▶ _Assignment_
What you return must match, exactly, the lines running from the one containing "Замковая ПВХ плитка" to the end of the data, both included, and must contain no pictures.

▶ _Stored data_
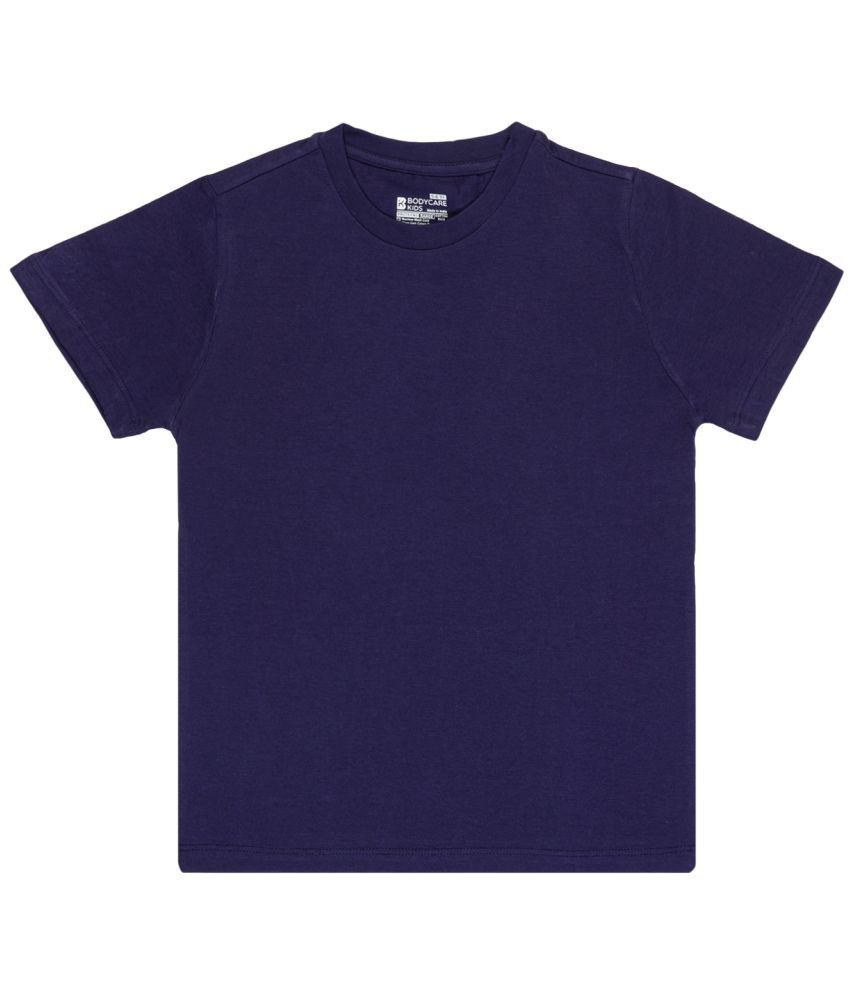     			Bodycare Navy Cotton Boy's T-Shirt ( Pack of 1 )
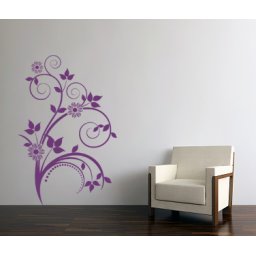 Sticker Floare pe perete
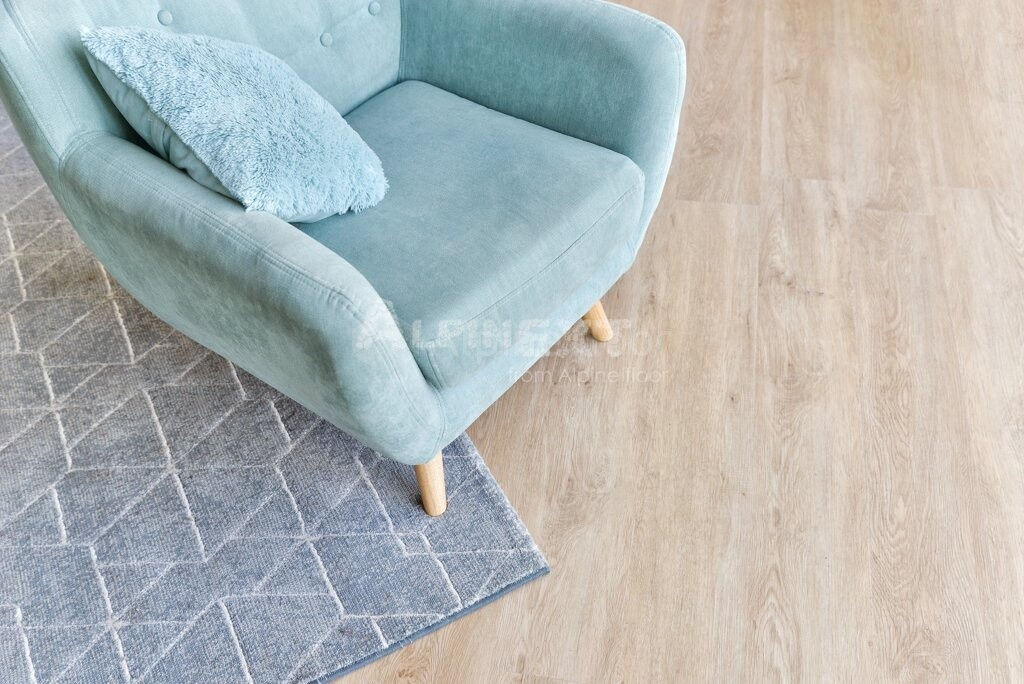 Замковая ПВХ плитка "Alpine Floor" Дуб Ваниль Селект  (1220*183*4мм) — купить в Владивостоке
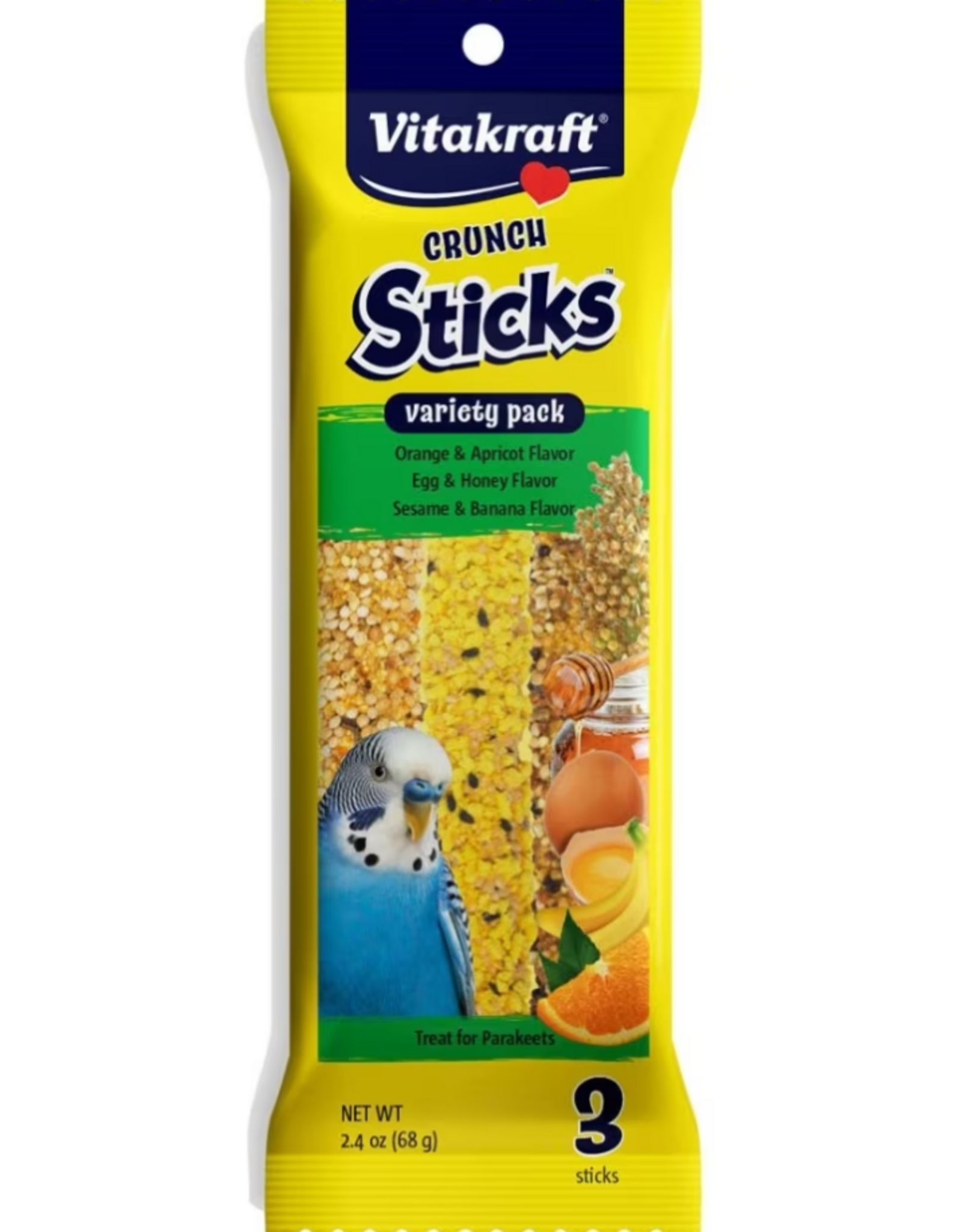 Vitakraft Sun Seed Vitakraft Parakeet Crunch Stick Variety Pack - 3 Flavors  2.4 oz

▶ _Answer space_
 Замковая ПВХ плитка "Alpine Floor" Дуб Ваниль Селект  (1220*183*4мм) — купить в Владивостоке
 Vitakraft Sun Seed Vitakraft Parakeet Crunch Stick Variety Pack - 3 Flavors  2.4 oz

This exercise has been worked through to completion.